Because the topic is so difficult and sensitive, counselors can be a tremendous asset to these parents by helping them to have conversations about racism with their children and with each other, Brew says. “This conversation needs to be explicit and purposeful,” she says. “The parents may need to work on thinking in inclusive ways rather than judgmental ways — the way we teach our students to respect differences. It’s the seed that helps teach children about their own culture as well.”

“I think it’s important for parents to start with very small children talking about skin color and how it’s different, but to give no meaning to color,” Brew continues. “We all see differences, and that’s fine. It’s when meaning is applied that differences become a problem. For biracial children, talking about how mommy and daddy — or mommy and mommy, or daddy and daddy — are different is also important to note, although, again, not giving meaning to those differences.”

“If the child is likely to experience racism or any other type of prejudice based upon differences, then [it’s] letting kids know that some people don’t understand differences and believe that people are bad based on how they look or how they dress, etc.,” she says. “Then when it actually happens, kids can feel safe to talk with parents, who should validate the child’s experience and help them make sense of it.”

It isn’t unusual for multiracial children to grow up, like Paladino did, in predominantly white neighborhoods. Even if these children don’t encounter bullying or overt racism, being one of the few (or perhaps only) children of color in an overwhelmingly white environment can exacerbate their feelings of not belonging. Counselors can help these children cope, Paladino says.

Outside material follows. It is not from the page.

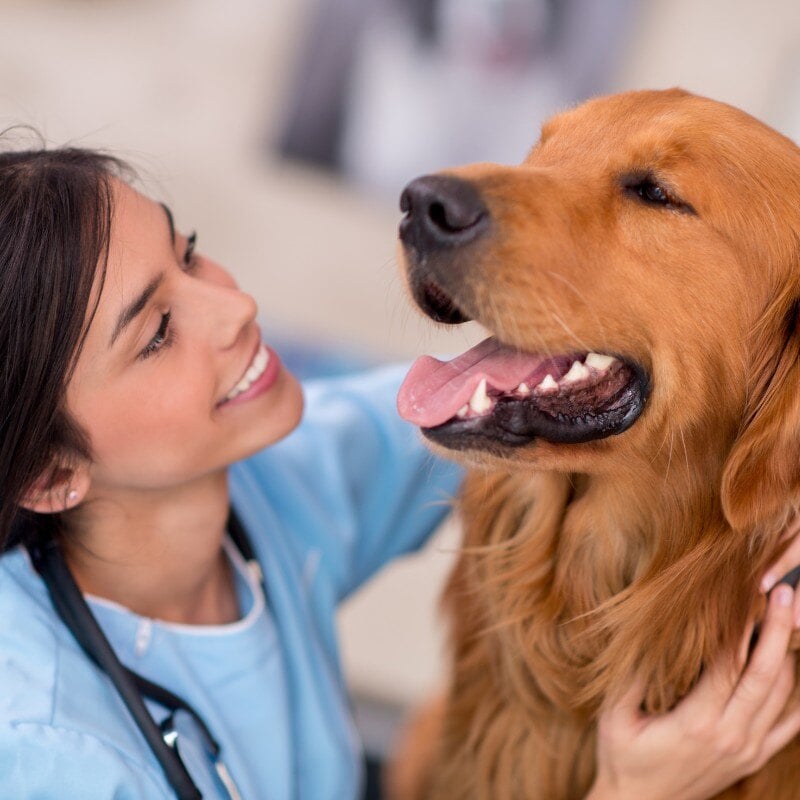 pet-nutritional-counseling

“I would want to continually validate what they are feeling and experiencing, which may be ‘otherness’ or not fitting in,” he explains. “At a young age, it may be difficult for [children] to fully grasp why they are experiencing these feelings, so I really want to be there for them in this part of the journey and allow them to ventilate feelings, thoughts and experiences.”

“For the parents, if they are a part of counseling or a parent consult, I would talk to them about what their child is feeling,” Paladino continues. “[I would] help them to experience empathy toward their child, talk to them about how to create a safe space for their child to talk and ventilate about how they are feeling and what they are experiencing, and help them look up children’s books as a way to talk about feeling different.”

School counselors — indeed all school faculty members — also play a critical role in helping multiracial children cope with racism and the struggle to feel included, says Taryne Michelle Mingo, an ACA member and former school counselor whose research focuses on marginalized populations. “I would [as a school counselor] develop a trusting relationship with the children and let them know that I can be a support system,” she says. For instance, she explains, if a child is being taunted or verbally abused, it is important for the child to view the school counselor as a safe person whom he or she can trust and feel comfortable going to for help.

One of the primary tasks for school counselors, Mingo says, is to get to know their students and make sure that everyone feels included. During her time as a school counselor, Mingo, who is African American, worked at a majority white school where only a small number of students were African American. Children of color aren’t typically used to seeing themselves reflected or represented in school materials, Mingo says, so she was careful about making sure there were dolls and books in her office that included children of multiple races. “Make sure that [these children] know they are visible,” she urges. “[That as counselors you are saying], ‘We know you are here.’”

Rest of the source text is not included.